[Image-caption web data]
□ □ □ □

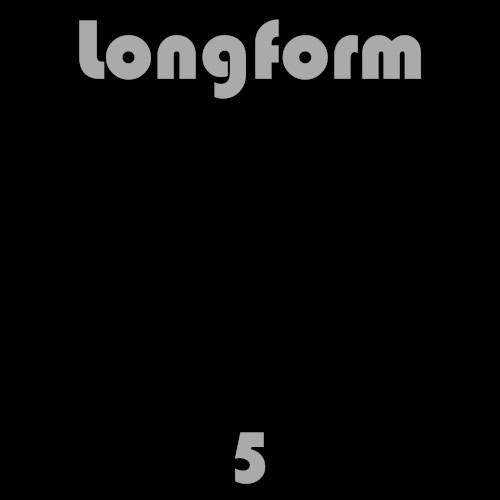 Longform 5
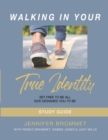 Walking In Your True Identity Study Guide - Book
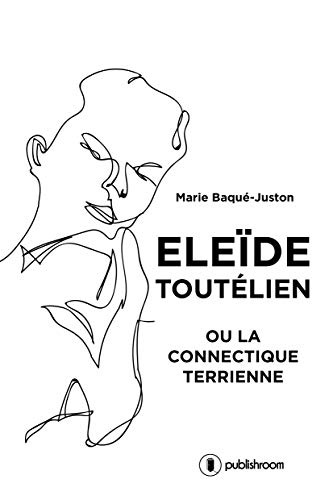 Beispielbild fr Eleide Toutlien ou la connectique terrienne zum Verkauf von medimops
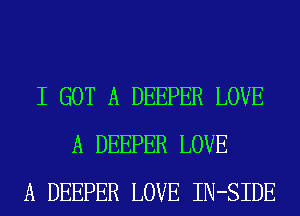 I GOT A DEEPER LOVE
A DEEPER LOVE
A DEEPER LOVE IN-SIDE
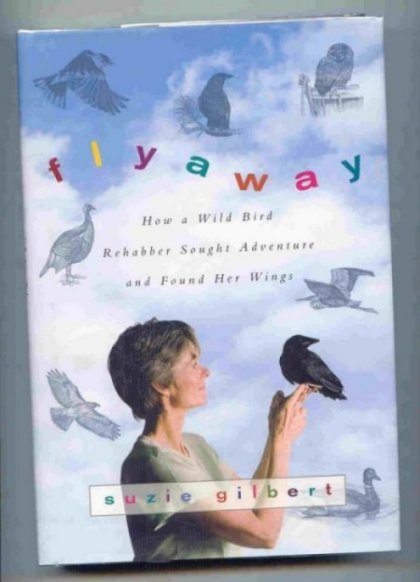 Image for Flyaway. How a Wild Bird Rehabber Sought Adventure and Found Her Wings.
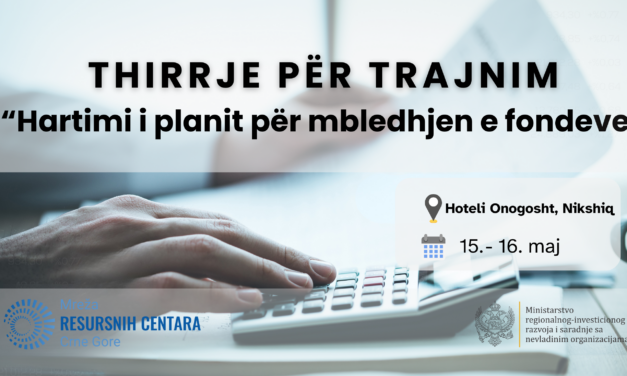 THIRRJE PËR TRAJNIM: HARTIMI I PLANIT PËR MBLEDHJEN E FONDEVE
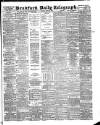 Bradford Daily Telegraph Friday 20 July 1888 Page 1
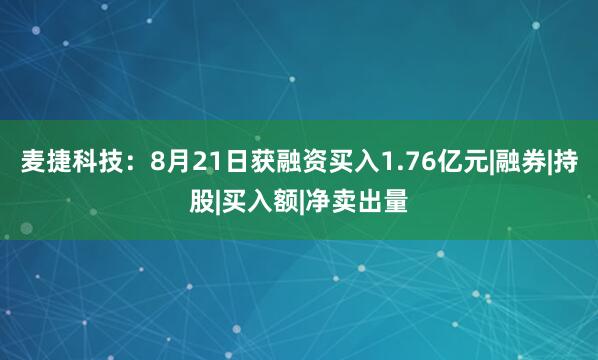 麦捷科技:8月21日获融资买入1.76亿元|融券|持股|买入额|净卖出量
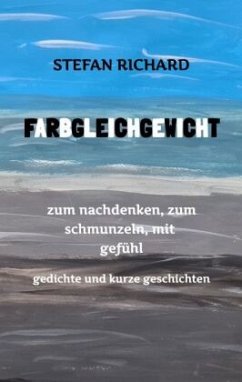 FARBGLEICHGEWICHT - Ein Gedichtband und kurze Geschichten aus dem Leben. Liebe, Verlust, Glück, Freude, innere Zerrissen - Richard, Stefan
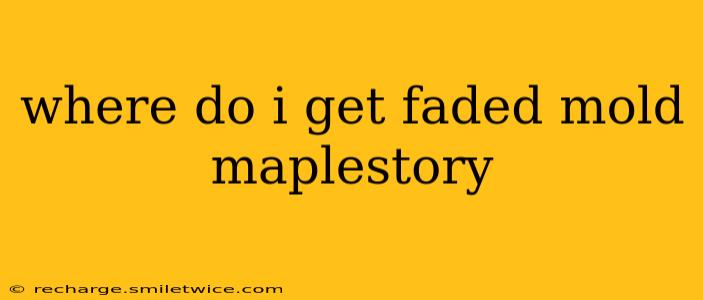 where do i get faded mold maplestory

□ □ □ □

Starting with the line that has "麦捷科技:8月21日获融资买入1.76亿元|融券|持股|买入额|净卖出量" and ending with the last line of the records, retype every line exactly and only those lines. Do not include the pictures.

 麦捷科技:8月21日获融资买入1.76亿元|融券|持股|买入额|净卖出量
 FARBGLEICHGEWICHT - Ein Gedichtband und kurze Geschichten aus dem Leben. Liebe, Verlust, Glück, Freude, innere Zerrissen - Richard, Stefan
 where do i get faded mold maplestory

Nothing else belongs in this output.